Knapp hundert neue Betreuungsplätze bis 2018 geplant

Die Stadt Weiterstadt baut das Angebot von Kita- und Krippenplätzen weiter aus. Wie Bürgermeister Ralf Möller mitteilt, werde man bis zum Sommer dieses Jahres 60 weitere Kita-Plätze für Kinder über drei Jahren schaffen.

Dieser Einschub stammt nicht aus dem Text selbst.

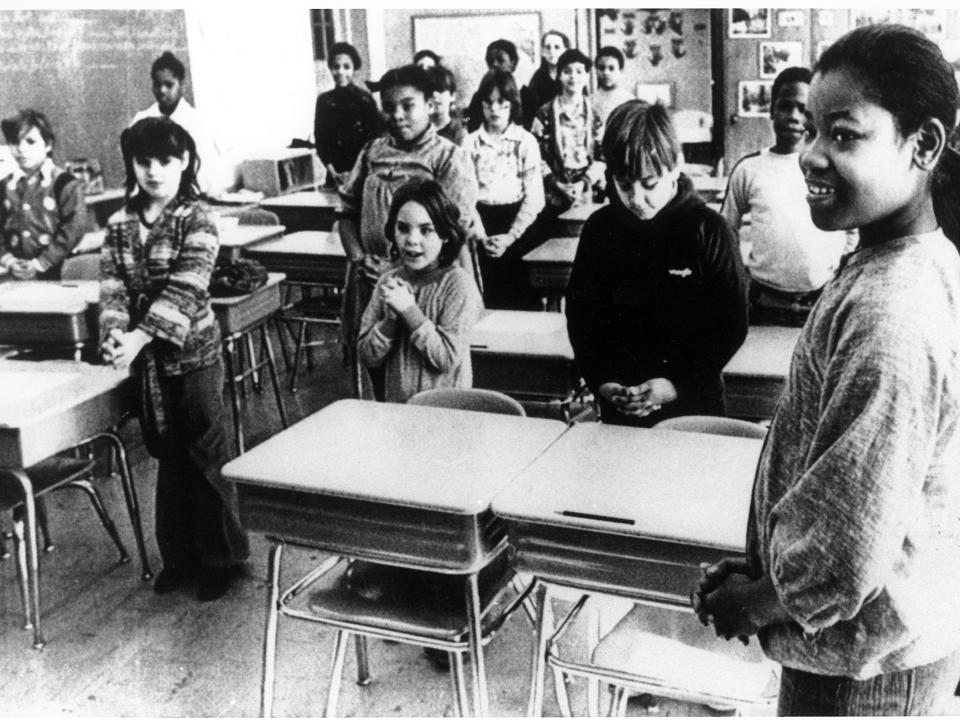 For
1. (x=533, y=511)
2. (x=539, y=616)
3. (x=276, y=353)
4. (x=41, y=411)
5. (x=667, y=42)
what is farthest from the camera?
(x=667, y=42)

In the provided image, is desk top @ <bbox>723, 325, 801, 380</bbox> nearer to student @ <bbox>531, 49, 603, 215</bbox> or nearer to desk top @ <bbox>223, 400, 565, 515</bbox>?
desk top @ <bbox>223, 400, 565, 515</bbox>

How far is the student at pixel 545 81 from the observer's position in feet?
18.9

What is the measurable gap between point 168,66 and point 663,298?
12.0 feet

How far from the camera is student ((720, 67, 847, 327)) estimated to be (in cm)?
294

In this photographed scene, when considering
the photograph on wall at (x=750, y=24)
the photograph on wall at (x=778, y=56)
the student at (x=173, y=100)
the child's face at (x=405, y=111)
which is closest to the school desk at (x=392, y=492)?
the child's face at (x=405, y=111)

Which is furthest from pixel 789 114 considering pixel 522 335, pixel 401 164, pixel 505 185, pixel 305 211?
pixel 305 211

Hierzu werde man sowohl in der Kita Schneppenhausen als auch in der Kita Wirbelwind jeweils eine zusätzliche Gruppe mit 20 Plätzen anbieten. Die Kita Zauberkiste werde mit einem zweiten Waldwagen ausgestattet, so dass dort ebenfalls Kapazitäten für weitere 20 Kinder entstehen.

„Wegen unseres hohen Anspruchs im Bereich der Betreuung ist Weiterstadt für Familien im besonderen Maße attraktiv.“ Stetig hohe Zuzugszahlen und ein kontinuierlicher Geburtenüberschuss führten dazu, dass der Bedarf an Betreuungsplätzen weiter steige, erklärt Möller „Um den Bedarf zu decken, wurden in den vergangenen zwei Jahren bereits 70 neue Kita-Plätze bei der Stadt geschaffen. In 2017 haben wir nun eine Sondersituation, weil erstmals mehr Kinder in die Betreuung nachdrängen, gleichzeitig aber weniger Kinder die Einrichtungen verlassen“, so Möller weiter.   

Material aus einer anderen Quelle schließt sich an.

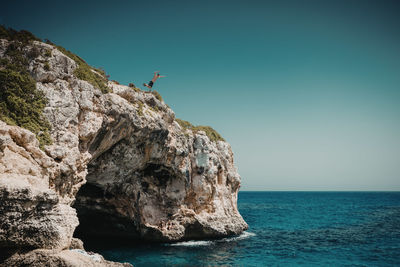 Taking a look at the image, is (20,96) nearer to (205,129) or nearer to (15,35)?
(15,35)

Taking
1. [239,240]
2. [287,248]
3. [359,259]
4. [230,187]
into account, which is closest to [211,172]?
[230,187]

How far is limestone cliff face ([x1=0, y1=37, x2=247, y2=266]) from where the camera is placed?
1022cm

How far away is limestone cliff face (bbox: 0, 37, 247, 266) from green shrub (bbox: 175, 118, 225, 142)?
94cm

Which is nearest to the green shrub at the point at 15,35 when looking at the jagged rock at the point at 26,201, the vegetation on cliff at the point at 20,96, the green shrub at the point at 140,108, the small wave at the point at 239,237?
the vegetation on cliff at the point at 20,96

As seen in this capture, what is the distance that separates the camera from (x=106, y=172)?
67.5 ft

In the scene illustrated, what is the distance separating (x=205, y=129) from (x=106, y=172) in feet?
49.5

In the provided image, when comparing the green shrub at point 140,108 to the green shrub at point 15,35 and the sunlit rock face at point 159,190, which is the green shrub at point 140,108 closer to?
the sunlit rock face at point 159,190

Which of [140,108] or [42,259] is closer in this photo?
[42,259]

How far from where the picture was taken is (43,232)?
401 inches

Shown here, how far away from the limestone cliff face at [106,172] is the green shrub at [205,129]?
3.08 feet

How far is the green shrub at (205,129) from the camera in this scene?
30.0 meters

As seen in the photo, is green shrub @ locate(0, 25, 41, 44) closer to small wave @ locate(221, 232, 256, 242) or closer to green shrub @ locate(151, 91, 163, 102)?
green shrub @ locate(151, 91, 163, 102)

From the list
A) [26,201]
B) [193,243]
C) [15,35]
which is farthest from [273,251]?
[15,35]

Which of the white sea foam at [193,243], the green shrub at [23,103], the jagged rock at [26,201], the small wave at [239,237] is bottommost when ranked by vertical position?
the small wave at [239,237] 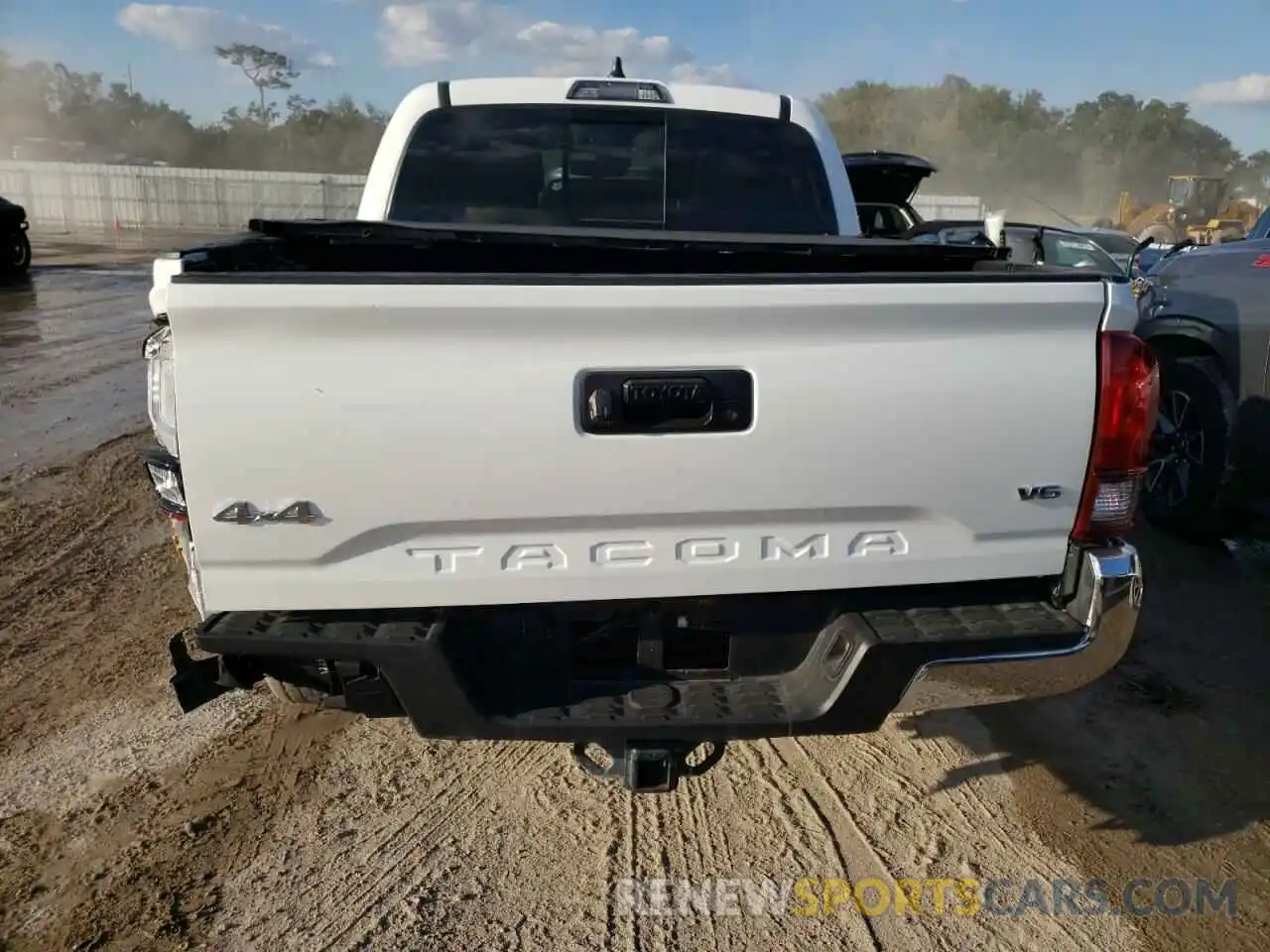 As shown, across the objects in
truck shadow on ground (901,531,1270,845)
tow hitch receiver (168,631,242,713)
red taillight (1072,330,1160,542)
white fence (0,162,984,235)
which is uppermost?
white fence (0,162,984,235)

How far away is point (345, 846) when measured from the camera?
2904mm

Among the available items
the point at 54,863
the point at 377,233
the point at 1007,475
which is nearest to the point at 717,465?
the point at 1007,475

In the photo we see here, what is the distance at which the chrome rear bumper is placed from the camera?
234cm

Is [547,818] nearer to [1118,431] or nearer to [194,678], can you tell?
[194,678]

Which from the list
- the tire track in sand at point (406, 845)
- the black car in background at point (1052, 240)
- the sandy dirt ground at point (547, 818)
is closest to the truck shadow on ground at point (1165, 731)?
the sandy dirt ground at point (547, 818)

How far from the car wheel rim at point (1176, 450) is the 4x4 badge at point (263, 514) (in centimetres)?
475

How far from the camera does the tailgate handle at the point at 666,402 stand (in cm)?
215

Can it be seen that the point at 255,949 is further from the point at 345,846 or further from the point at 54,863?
the point at 54,863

Für die erste Jahreshälfte 2018 sei sowohl für den Sportkindergarten als auch für die Kita Wirbelwind ein Erweiterungsbau vorgesehen, so dass nochmals Platz für 50 Kinder geschaffen werde.

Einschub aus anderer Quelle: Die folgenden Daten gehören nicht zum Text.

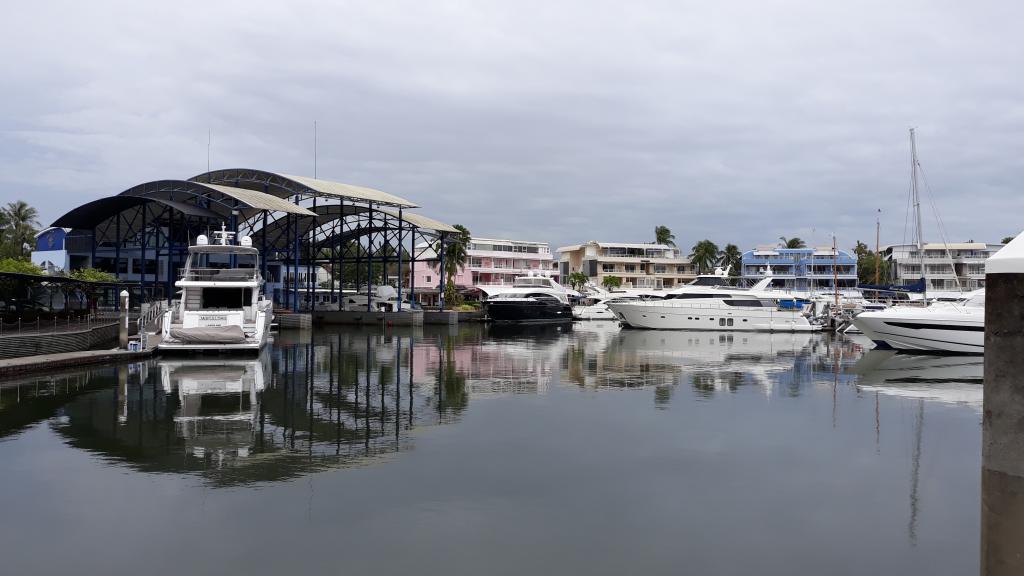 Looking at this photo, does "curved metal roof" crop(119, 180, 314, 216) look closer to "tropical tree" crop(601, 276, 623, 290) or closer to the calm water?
the calm water

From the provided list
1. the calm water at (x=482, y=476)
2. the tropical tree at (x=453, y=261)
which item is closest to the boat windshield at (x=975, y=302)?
the calm water at (x=482, y=476)

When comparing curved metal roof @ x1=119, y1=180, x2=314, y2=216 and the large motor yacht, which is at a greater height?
curved metal roof @ x1=119, y1=180, x2=314, y2=216

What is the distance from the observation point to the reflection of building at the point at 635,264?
3890 inches

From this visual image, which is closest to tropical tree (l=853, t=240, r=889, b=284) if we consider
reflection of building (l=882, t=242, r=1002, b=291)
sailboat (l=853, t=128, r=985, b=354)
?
reflection of building (l=882, t=242, r=1002, b=291)

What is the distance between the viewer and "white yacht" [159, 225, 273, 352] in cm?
2762

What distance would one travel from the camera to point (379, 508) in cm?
974

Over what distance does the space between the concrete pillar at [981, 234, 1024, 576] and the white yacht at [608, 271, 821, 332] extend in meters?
45.1

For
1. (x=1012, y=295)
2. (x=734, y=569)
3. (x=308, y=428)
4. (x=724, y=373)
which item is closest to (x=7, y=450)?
(x=308, y=428)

Auch im Bereich der Krippenplätze für Kinder unter drei Jahren baue man das Angebot weiter aus. So ist die Eröffnung des Neubaus der Kita Schneppenhausen für den Sommer dieses Jahres geplant – dadurch würden zusätzliche 24 Krippenplätze entstehen, teilt Möller mit. Der Schlüssel liege in einem Mix aus Stadt und privaten Anbietern. „Wir bezuschussen Tageseltern genauso wie private Einrichtungen - wenn diese die in unserer Satzung festgelegten Standards erfüllen.“

Das Angebot an Krippenplätzen könne sehr viel größer sein, aber die ursprünglichen Planungen für insgesamt 48 weitere Plätze in Weiterstadt und Gräfenhausen mussten unvorhergesehen wegen Vorbehalten beim Brandschutz gestoppt werden, so Möller. Daher mussten in diesem Quartal auch Absagen versendet werden. Gleichwohl haben wir nun auch die Möglichkeit jährlich die Nutzung von Räumen für Kita-Kinder in Räume für Krippen-Kinder zu verändern. Das macht uns flexibler, um auf den jeweiligen Bedarf besser eingehen zu können, gibt Möller zu bedenken.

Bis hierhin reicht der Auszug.